AIM OF THE EXERCISE
Here is a block of records. Copy every line in it that includes "sale".

** Opening SUPPLIED DATA block **

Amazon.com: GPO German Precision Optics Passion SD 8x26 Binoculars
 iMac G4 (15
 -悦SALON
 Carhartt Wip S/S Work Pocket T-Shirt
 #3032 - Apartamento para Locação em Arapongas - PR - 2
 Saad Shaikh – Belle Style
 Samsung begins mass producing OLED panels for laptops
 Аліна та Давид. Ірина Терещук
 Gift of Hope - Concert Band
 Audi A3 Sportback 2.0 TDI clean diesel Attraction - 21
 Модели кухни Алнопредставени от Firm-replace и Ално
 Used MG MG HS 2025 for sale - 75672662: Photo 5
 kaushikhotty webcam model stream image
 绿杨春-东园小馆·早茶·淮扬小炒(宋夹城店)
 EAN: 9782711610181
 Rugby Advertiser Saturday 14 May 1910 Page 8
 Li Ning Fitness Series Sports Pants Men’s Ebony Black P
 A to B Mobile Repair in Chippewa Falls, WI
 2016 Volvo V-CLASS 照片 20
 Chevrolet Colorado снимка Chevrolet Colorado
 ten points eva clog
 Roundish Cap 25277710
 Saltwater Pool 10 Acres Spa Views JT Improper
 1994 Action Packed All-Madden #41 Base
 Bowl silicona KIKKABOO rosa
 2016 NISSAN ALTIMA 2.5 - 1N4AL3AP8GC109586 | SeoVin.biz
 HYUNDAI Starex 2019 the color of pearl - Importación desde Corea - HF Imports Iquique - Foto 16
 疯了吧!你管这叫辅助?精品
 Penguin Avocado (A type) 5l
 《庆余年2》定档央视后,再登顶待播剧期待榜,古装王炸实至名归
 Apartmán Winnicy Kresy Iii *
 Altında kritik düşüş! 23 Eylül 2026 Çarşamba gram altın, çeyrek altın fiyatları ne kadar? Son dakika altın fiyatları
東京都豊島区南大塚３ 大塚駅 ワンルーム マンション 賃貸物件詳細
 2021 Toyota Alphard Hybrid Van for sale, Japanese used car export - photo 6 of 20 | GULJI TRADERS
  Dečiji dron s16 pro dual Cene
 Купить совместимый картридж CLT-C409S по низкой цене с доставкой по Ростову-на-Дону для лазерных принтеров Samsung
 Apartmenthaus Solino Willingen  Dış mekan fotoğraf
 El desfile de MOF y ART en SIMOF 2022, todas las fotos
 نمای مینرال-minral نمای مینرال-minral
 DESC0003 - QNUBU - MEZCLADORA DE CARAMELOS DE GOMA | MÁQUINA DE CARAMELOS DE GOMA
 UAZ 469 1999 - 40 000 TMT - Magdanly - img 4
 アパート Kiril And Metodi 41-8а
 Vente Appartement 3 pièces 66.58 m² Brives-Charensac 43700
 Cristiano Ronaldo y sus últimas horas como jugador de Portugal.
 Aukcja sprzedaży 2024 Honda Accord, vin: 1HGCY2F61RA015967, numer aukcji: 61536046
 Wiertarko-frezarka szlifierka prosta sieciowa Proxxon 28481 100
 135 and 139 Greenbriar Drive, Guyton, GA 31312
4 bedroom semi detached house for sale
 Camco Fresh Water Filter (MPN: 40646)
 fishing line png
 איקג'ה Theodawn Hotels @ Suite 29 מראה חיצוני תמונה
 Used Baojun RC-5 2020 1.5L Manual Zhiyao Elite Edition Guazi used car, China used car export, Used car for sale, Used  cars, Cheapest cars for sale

** Closing SUPPLIED DATA block **

OUTPUT OF THE EXERCISE
 Used MG MG HS 2025 for sale - 75672662: Photo 5
 2021 Toyota Alphard Hybrid Van for sale, Japanese used car export - photo 6 of 20 | GULJI TRADERS
4 bedroom semi detached house for sale
 Used Baojun RC-5 2020 1.5L Manual Zhiyao Elite Edition Guazi used car, China used car export, Used car for sale, Used  cars, Cheapest cars for sale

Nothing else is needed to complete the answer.